* [Input]
........
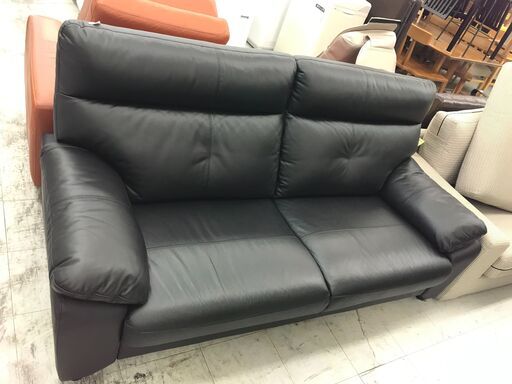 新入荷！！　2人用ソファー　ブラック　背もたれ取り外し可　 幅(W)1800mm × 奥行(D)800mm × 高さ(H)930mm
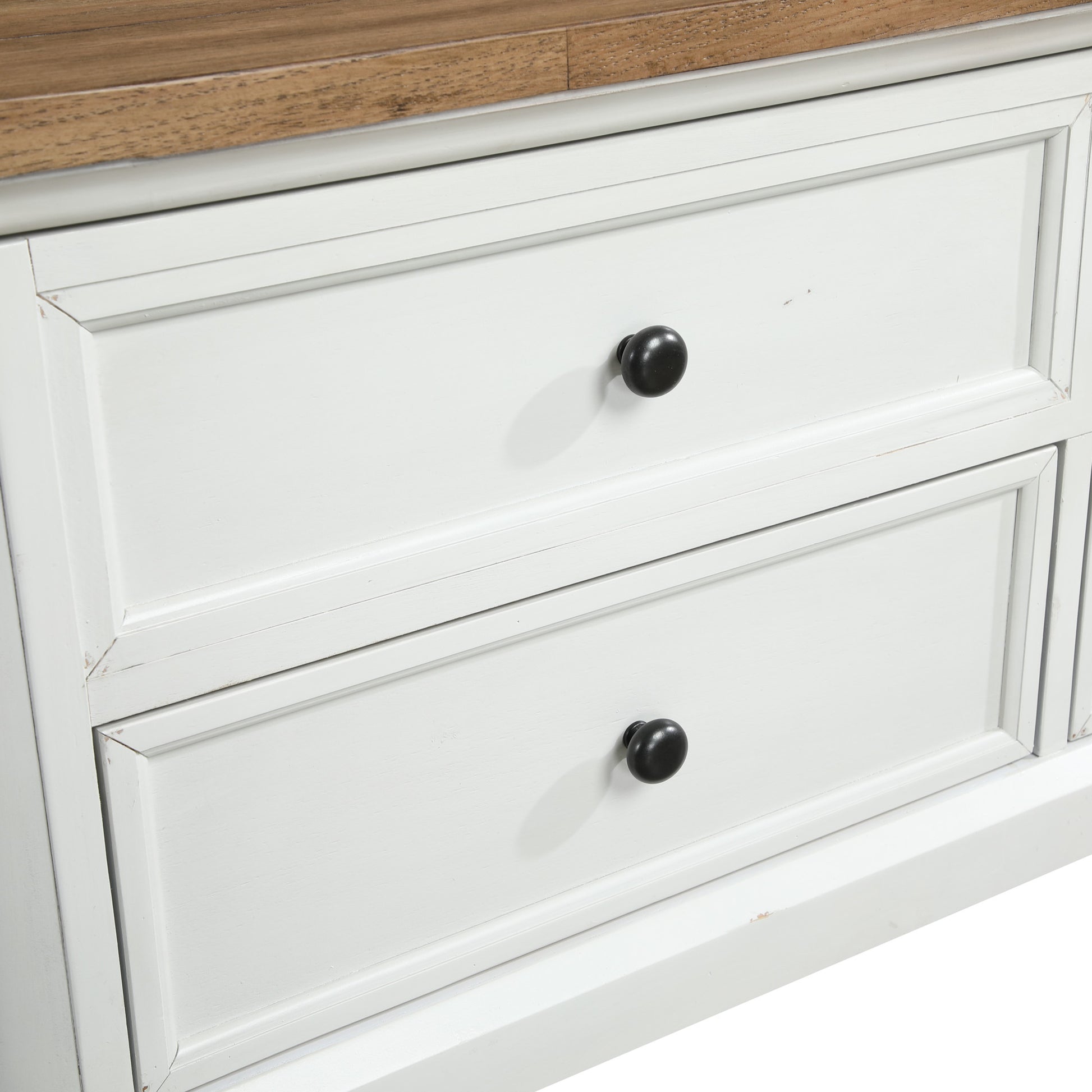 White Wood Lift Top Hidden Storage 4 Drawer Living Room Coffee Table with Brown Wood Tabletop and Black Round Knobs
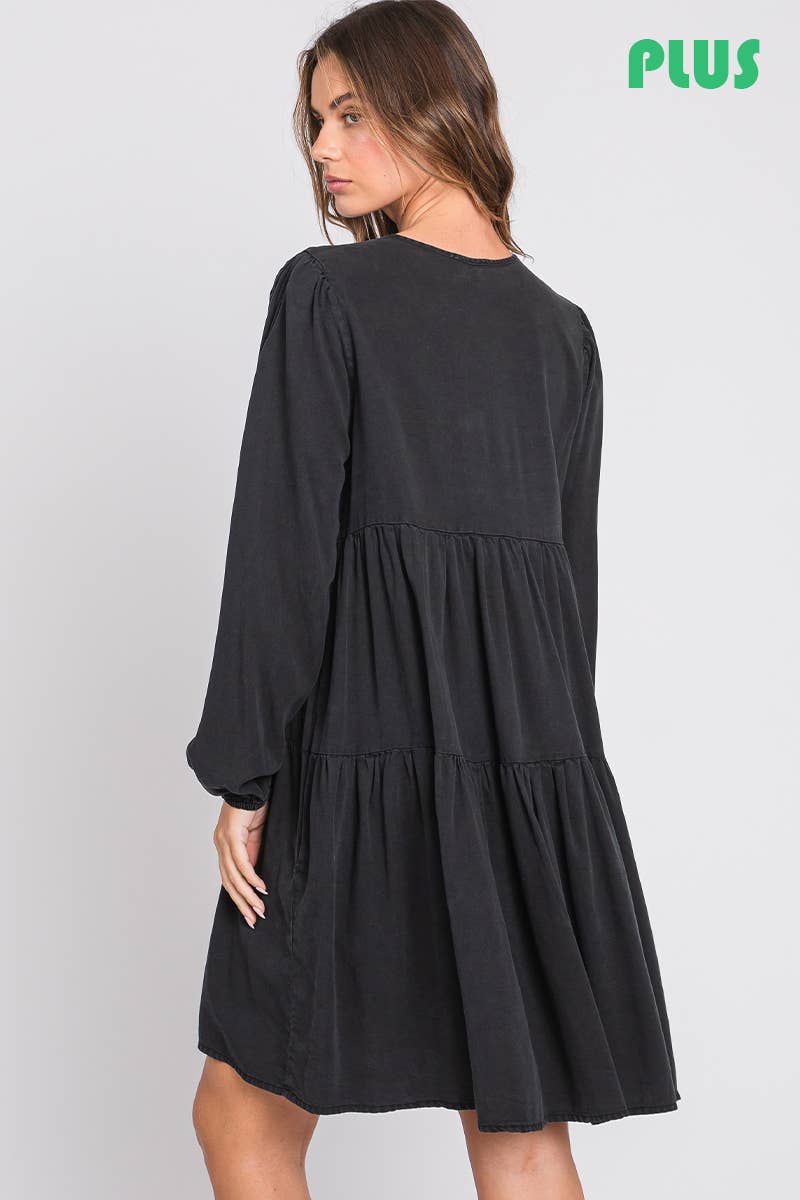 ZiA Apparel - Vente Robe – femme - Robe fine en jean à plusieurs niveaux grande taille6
........
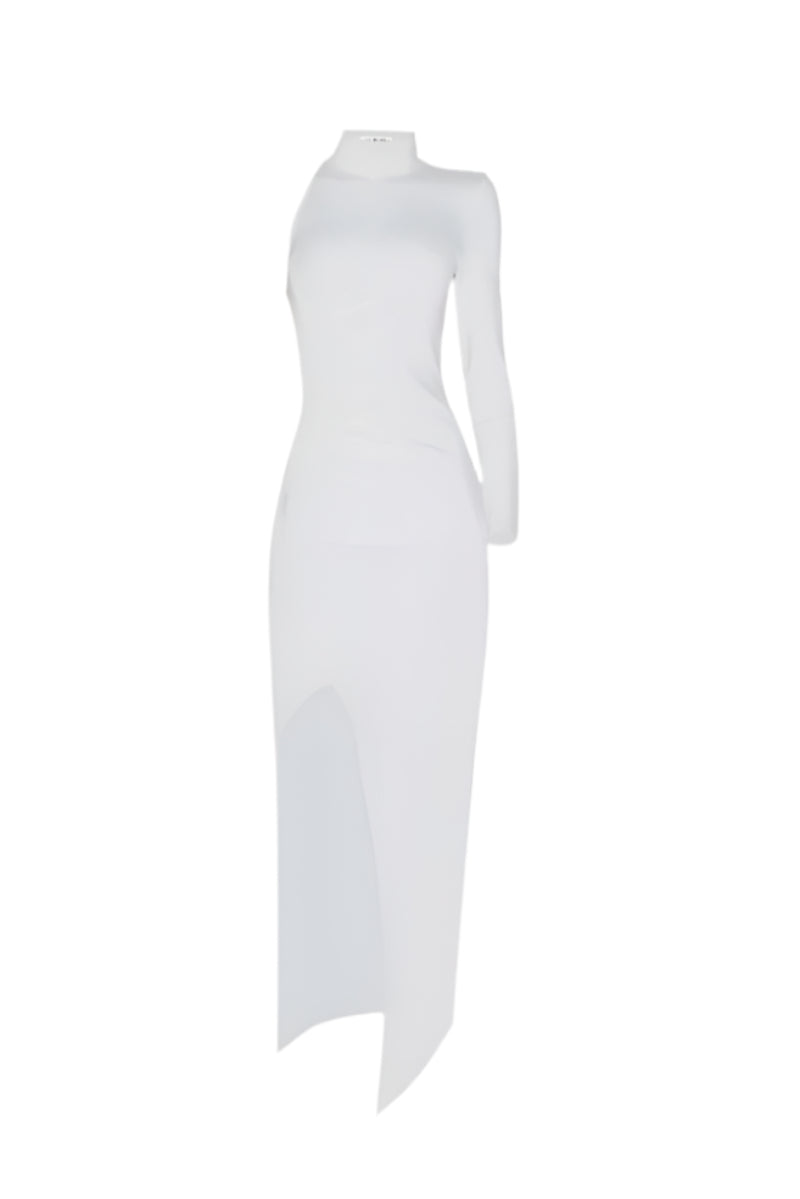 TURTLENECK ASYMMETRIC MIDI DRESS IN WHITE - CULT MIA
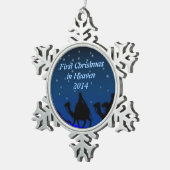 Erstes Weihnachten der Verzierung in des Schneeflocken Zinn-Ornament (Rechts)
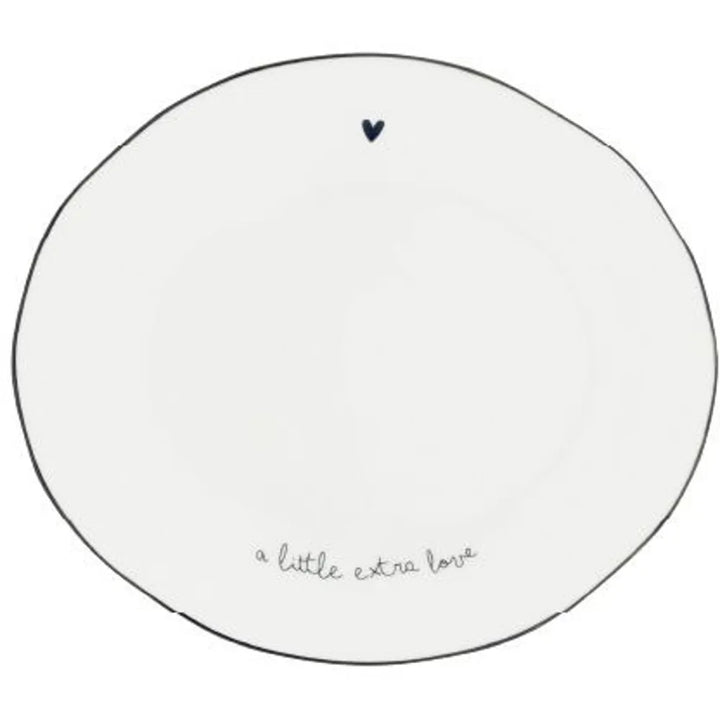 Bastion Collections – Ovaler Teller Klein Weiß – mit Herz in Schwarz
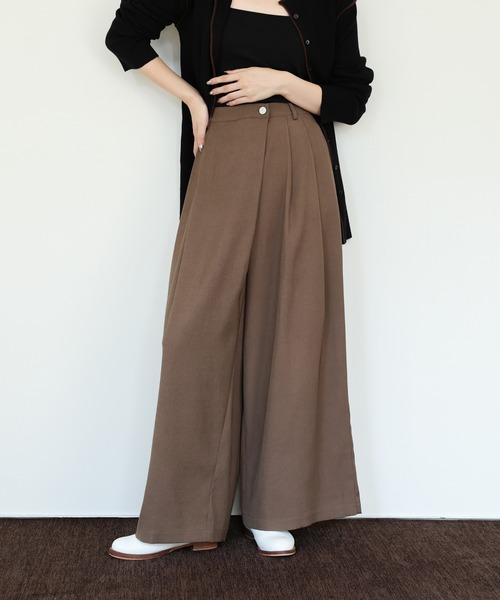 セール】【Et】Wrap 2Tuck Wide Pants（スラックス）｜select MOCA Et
........
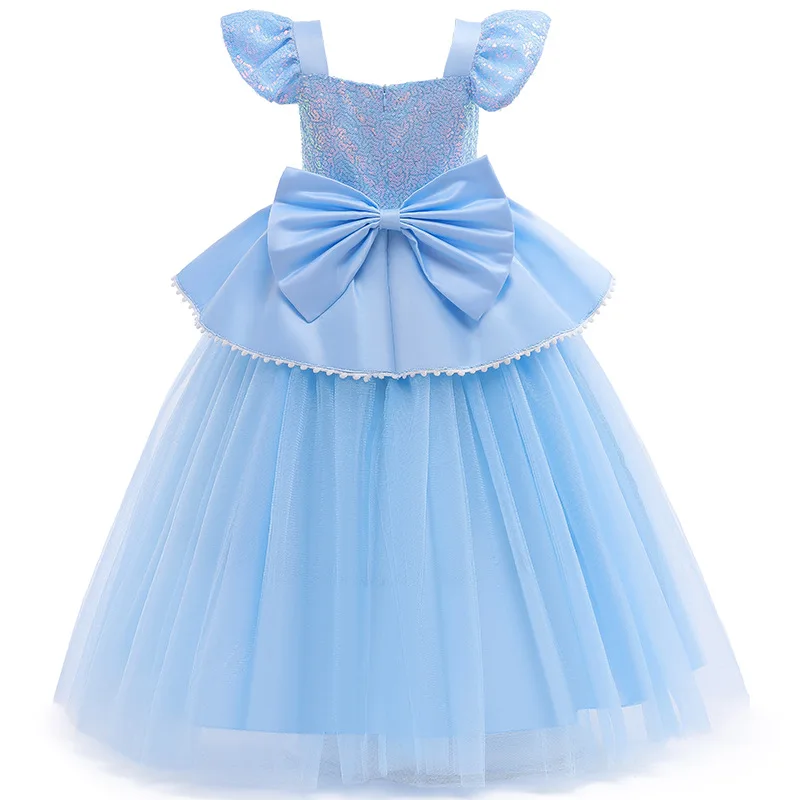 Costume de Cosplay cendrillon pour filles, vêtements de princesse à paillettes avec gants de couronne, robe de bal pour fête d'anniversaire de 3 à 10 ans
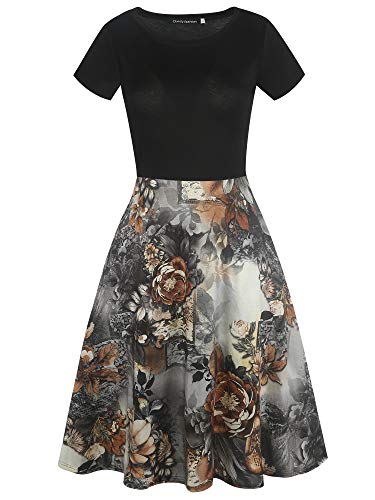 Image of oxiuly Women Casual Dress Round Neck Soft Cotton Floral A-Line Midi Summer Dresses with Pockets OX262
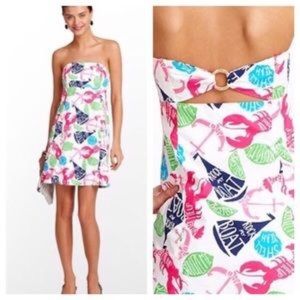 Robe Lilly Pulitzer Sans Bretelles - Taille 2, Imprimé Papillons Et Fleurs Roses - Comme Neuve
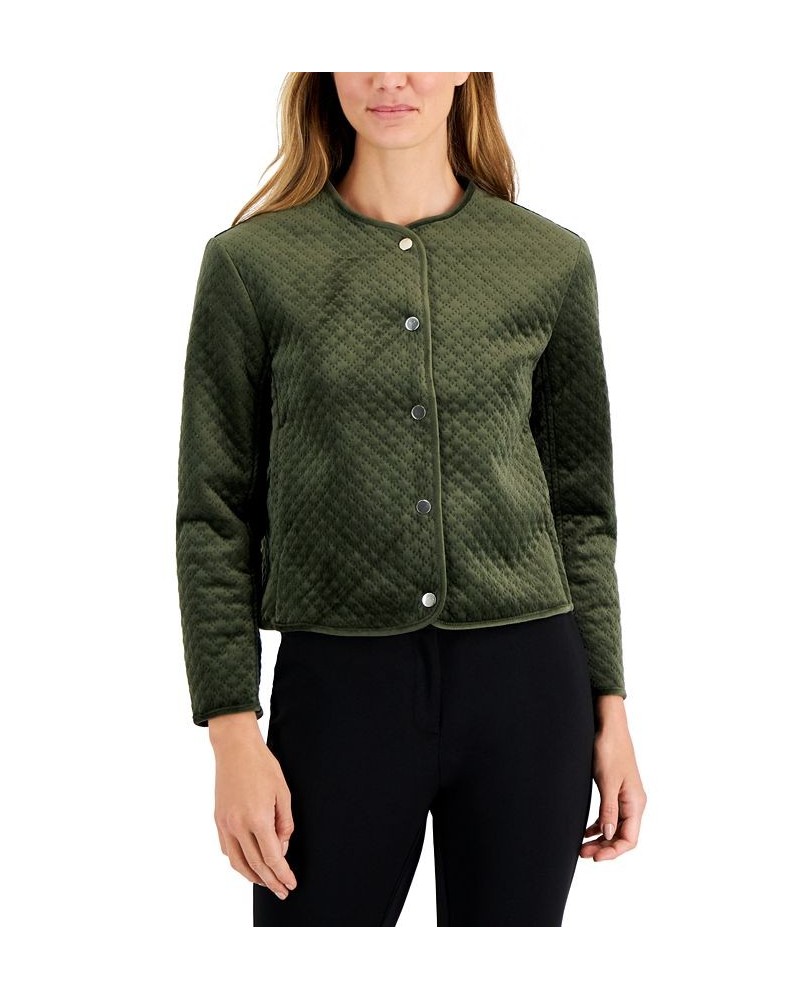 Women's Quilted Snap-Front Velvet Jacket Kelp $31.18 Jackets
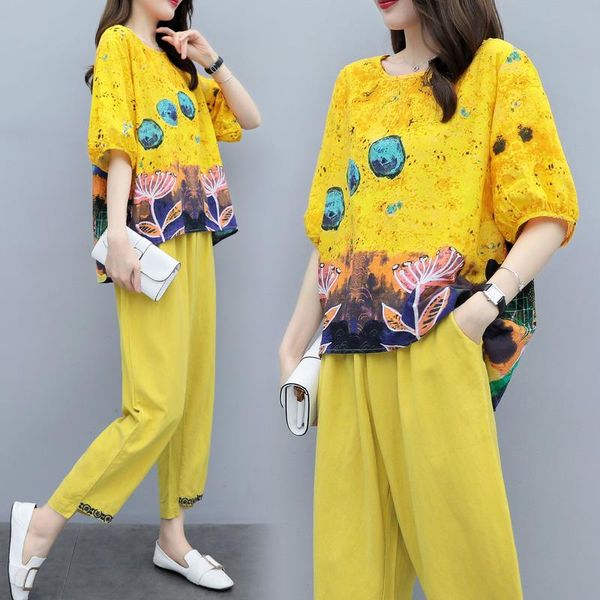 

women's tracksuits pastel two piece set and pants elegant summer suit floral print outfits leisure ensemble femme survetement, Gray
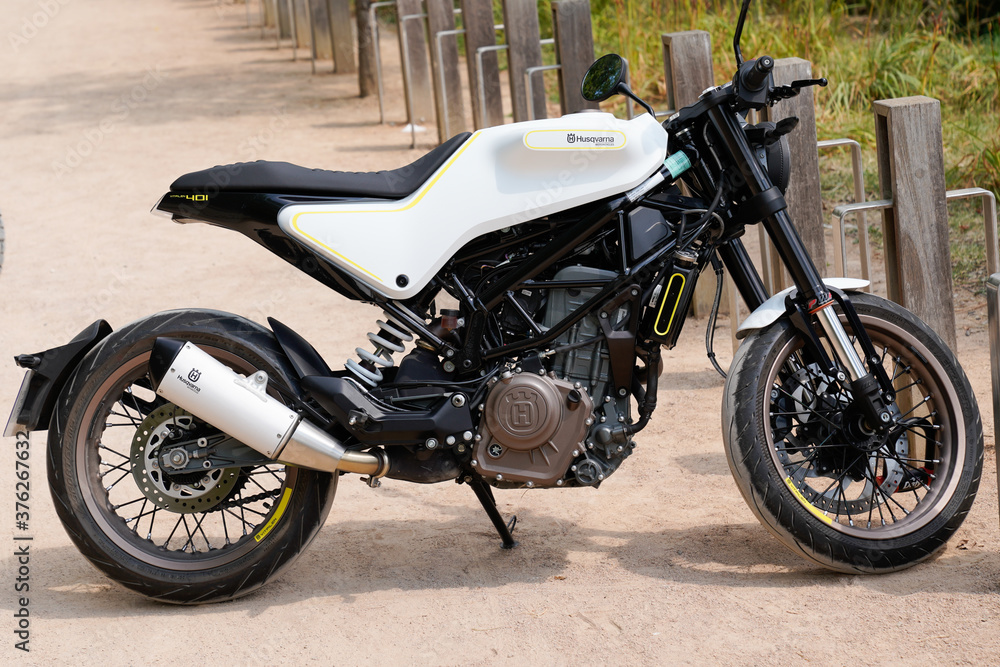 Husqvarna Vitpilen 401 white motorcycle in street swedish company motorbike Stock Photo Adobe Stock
........
* [Directions] Keep to the lines above from the line with "Costume de Cosplay" to the line with "Robe Lilly Pulitzer", and set down exactly those, inclusive, with nothing else and every picture left out.

* [Answer section]
 Costume de Cosplay cendrillon pour filles, vêtements de princesse à paillettes avec gants de couronne, robe de bal pour fête d'anniversaire de 3 à 10 ans
 Image of oxiuly Women Casual Dress Round Neck Soft Cotton Floral A-Line Midi Summer Dresses with Pockets OX262
 Robe Lilly Pulitzer Sans Bretelles - Taille 2, Imprimé Papillons Et Fleurs Roses - Comme Neuve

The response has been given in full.